Добавить в цитаты Настройки чтения

Страница 3 из 7



Затем, чтобы довести человека до того уровня культуры, когда он занимается ремеслами, когда он начинает озаряться светом знаний, когда торговля объединяет нации, когда, наконец, изобретается азбука, мы можем руководствоваться также историческими данными о различных обществах которые изучались почти во всех стадиях своего развития, хотя ни одно нельзя было бы проследить по всему пространству, которое разделяет эти две великие эпохи человеческого рода. Здесь картина начинает большею частью опираться на исторические факты: но необходимо последние извлекать из историй различных народов, их подбирать и сочетать и на этом основании строить гипотетическую историю единого народа, рисовать картину его прогресса. <…>

Наконец, останется только начертать последнюю картину, картину наших надежд, картину прогресса, который будет достигнуть грядущими поколениями, и который как бы обеспечивается постоянством законов природы. Нужно будет показать через какие ступени должно пройти то, что нам теперь кажется напрасной надеждой, чтобы мало-помалу стать нам доступным.

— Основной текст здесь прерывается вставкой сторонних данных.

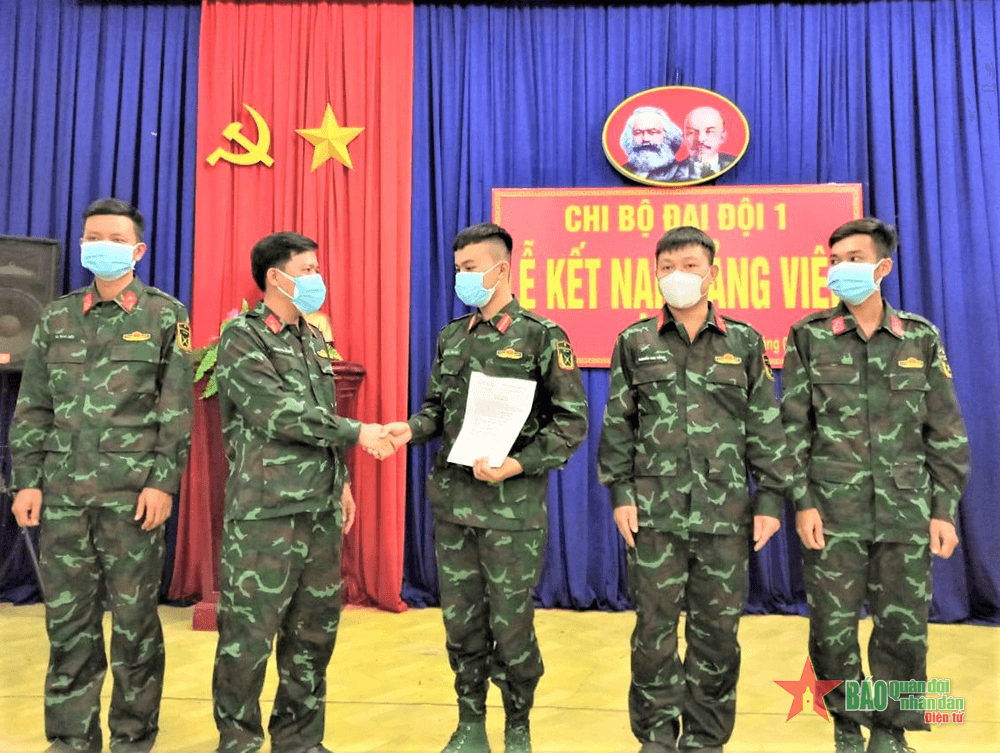 Vinh dự đến nơi tuyến đầu chống dịch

Придется выяснить, почему при мимолетном торжестве предрассудков, поддерживаемых развращенными властями и народом, только истине суждено стать навсегда победительницей. <…> Если существует наука, с помощью которой можно предвидеть прогресс человеческого рода, направлять и ускорять его, то история того, что было совершено, должна служить главным фундаментом этой науки.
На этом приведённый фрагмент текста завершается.